YOUR TASK – The required output is the lines below from the line containing "Eye Lift Gel NAC Y2 - Image 4" to the line containing "f:id:nonoino:20230321153048j:image", inclusive, retyped exactly. No other lines belong in it.

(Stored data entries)
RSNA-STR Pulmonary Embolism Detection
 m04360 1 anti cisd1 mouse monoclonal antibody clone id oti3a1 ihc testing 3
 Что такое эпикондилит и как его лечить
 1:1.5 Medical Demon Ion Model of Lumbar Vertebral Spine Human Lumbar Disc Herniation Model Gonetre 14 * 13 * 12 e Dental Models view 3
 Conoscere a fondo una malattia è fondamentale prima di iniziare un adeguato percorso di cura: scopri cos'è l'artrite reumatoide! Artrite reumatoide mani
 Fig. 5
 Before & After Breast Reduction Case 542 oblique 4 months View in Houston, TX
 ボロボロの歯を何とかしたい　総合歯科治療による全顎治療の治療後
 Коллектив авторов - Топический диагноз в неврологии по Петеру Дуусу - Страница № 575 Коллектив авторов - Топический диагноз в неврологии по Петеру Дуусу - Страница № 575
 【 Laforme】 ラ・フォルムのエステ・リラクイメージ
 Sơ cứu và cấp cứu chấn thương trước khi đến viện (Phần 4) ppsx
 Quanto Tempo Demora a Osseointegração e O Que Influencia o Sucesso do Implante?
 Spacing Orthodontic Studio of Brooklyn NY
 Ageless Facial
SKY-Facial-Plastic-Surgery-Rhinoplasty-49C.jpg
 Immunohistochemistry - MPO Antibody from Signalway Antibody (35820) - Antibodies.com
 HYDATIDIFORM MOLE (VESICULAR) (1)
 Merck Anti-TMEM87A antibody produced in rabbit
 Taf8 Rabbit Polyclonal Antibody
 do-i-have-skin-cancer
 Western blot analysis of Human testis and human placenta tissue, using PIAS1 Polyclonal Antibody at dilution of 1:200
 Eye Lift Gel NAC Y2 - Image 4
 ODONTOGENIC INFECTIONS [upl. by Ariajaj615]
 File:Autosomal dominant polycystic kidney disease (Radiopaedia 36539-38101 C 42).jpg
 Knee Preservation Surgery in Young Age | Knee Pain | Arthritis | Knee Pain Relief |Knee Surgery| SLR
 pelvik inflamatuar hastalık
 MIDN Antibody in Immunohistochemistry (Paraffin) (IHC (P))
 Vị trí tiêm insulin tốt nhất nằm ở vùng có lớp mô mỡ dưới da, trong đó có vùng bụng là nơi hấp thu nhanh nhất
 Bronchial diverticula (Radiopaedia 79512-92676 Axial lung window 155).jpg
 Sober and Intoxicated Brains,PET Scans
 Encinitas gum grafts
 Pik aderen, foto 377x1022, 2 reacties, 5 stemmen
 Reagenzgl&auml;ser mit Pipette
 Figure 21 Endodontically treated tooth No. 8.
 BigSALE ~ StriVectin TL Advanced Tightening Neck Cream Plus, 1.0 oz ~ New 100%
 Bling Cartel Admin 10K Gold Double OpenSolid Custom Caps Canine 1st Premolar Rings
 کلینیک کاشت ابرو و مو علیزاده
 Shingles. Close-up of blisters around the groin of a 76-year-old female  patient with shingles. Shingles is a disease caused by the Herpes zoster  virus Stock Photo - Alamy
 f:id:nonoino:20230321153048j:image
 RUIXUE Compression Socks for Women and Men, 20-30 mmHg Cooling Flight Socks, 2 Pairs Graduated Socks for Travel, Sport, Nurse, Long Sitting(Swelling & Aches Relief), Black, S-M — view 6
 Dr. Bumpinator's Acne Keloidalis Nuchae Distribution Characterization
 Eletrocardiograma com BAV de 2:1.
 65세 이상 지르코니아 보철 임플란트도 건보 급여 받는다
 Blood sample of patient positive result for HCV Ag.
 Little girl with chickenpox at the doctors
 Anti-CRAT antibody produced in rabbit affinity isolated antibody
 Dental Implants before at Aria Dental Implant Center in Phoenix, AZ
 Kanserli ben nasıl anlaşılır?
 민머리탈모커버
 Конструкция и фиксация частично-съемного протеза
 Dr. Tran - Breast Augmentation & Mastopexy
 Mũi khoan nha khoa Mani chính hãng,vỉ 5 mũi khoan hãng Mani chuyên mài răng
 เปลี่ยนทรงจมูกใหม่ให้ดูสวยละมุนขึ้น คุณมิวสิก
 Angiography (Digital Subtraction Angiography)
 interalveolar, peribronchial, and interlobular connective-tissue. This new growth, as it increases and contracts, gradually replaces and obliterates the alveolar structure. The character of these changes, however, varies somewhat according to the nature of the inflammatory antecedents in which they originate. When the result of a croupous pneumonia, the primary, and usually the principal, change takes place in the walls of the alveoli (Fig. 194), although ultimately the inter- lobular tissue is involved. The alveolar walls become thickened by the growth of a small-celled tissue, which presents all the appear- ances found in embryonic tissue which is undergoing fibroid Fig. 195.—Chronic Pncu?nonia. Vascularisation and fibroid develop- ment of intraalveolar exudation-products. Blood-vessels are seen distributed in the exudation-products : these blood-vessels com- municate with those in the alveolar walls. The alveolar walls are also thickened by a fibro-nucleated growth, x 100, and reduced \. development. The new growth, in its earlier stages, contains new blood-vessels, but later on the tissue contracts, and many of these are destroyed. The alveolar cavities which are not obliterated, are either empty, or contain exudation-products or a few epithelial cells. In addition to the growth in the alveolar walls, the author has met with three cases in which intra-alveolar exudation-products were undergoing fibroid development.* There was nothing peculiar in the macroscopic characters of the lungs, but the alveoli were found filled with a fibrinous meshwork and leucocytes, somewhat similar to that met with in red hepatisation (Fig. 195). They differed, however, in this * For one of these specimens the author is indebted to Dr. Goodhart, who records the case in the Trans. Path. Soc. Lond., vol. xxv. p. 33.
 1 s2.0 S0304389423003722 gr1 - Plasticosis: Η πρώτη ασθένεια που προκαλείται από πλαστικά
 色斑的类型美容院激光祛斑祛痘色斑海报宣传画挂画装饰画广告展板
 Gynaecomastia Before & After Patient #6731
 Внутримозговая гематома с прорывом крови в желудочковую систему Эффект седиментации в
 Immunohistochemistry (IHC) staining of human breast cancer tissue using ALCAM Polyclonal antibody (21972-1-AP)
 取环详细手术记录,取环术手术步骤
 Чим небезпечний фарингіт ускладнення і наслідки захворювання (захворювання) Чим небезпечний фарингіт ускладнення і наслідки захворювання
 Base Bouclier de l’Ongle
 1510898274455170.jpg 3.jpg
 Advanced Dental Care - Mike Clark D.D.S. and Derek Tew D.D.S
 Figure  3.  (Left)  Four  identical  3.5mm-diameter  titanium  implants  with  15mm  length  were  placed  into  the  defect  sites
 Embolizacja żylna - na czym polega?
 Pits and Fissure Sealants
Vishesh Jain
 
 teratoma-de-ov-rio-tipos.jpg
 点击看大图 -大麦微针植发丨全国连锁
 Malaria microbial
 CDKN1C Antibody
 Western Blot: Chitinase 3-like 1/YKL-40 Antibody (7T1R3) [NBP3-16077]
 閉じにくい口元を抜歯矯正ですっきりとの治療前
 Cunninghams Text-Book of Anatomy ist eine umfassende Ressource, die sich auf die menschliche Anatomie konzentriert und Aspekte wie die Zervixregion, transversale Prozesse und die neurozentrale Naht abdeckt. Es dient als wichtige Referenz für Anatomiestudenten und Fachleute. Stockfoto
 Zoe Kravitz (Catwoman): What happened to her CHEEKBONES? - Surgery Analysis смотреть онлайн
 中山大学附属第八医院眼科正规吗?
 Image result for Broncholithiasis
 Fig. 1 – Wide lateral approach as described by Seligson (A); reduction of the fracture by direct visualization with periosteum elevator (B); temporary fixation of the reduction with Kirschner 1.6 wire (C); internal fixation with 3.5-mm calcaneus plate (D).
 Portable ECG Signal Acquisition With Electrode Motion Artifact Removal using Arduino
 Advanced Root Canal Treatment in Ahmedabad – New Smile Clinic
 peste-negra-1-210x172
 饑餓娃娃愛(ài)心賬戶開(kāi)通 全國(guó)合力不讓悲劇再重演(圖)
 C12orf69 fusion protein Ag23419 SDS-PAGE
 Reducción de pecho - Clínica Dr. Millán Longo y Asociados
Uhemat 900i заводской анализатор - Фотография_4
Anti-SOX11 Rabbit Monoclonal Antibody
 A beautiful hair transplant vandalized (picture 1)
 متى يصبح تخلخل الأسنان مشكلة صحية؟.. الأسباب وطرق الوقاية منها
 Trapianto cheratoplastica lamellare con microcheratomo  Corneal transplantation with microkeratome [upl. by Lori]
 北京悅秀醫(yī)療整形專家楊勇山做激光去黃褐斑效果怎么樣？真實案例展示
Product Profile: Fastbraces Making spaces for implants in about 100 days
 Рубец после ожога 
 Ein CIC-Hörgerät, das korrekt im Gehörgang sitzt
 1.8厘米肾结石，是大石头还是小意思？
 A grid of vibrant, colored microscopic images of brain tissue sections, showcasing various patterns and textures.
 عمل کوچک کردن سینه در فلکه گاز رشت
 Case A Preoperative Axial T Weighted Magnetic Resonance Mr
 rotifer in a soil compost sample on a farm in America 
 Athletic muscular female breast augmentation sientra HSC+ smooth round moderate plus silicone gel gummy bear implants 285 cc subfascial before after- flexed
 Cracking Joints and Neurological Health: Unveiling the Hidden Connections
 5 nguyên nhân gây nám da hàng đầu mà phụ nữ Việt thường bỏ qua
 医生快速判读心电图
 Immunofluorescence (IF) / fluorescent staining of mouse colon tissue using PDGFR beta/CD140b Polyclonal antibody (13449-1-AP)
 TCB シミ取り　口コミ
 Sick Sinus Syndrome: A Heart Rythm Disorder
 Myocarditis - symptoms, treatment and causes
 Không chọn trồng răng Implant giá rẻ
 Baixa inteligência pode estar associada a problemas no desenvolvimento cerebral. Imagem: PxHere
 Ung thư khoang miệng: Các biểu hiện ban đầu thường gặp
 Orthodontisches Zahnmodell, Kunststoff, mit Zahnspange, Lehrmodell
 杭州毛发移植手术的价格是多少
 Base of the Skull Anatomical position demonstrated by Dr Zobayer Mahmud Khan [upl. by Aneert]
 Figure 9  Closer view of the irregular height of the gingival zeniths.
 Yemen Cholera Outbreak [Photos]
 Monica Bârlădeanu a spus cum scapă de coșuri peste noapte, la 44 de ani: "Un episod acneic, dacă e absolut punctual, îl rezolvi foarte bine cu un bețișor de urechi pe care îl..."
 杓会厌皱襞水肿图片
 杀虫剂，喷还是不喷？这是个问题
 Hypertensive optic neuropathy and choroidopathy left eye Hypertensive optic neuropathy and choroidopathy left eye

THE COMPLETED TASK –
 Eye Lift Gel NAC Y2 - Image 4
 ODONTOGENIC INFECTIONS [upl. by Ariajaj615]
 File:Autosomal dominant polycystic kidney disease (Radiopaedia 36539-38101 C 42).jpg
 Knee Preservation Surgery in Young Age | Knee Pain | Arthritis | Knee Pain Relief |Knee Surgery| SLR
 pelvik inflamatuar hastalık
 MIDN Antibody in Immunohistochemistry (Paraffin) (IHC (P))
 Vị trí tiêm insulin tốt nhất nằm ở vùng có lớp mô mỡ dưới da, trong đó có vùng bụng là nơi hấp thu nhanh nhất
 Bronchial diverticula (Radiopaedia 79512-92676 Axial lung window 155).jpg
 Sober and Intoxicated Brains,PET Scans
 Encinitas gum grafts
 Pik aderen, foto 377x1022, 2 reacties, 5 stemmen
 Reagenzgl&auml;ser mit Pipette
 Figure 21 Endodontically treated tooth No. 8.
 BigSALE ~ StriVectin TL Advanced Tightening Neck Cream Plus, 1.0 oz ~ New 100%
 Bling Cartel Admin 10K Gold Double OpenSolid Custom Caps Canine 1st Premolar Rings
 کلینیک کاشت ابرو و مو علیزاده
 Shingles. Close-up of blisters around the groin of a 76-year-old female  patient with shingles. Shingles is a disease caused by the Herpes zoster  virus Stock Photo - Alamy
 f:id:nonoino:20230321153048j:image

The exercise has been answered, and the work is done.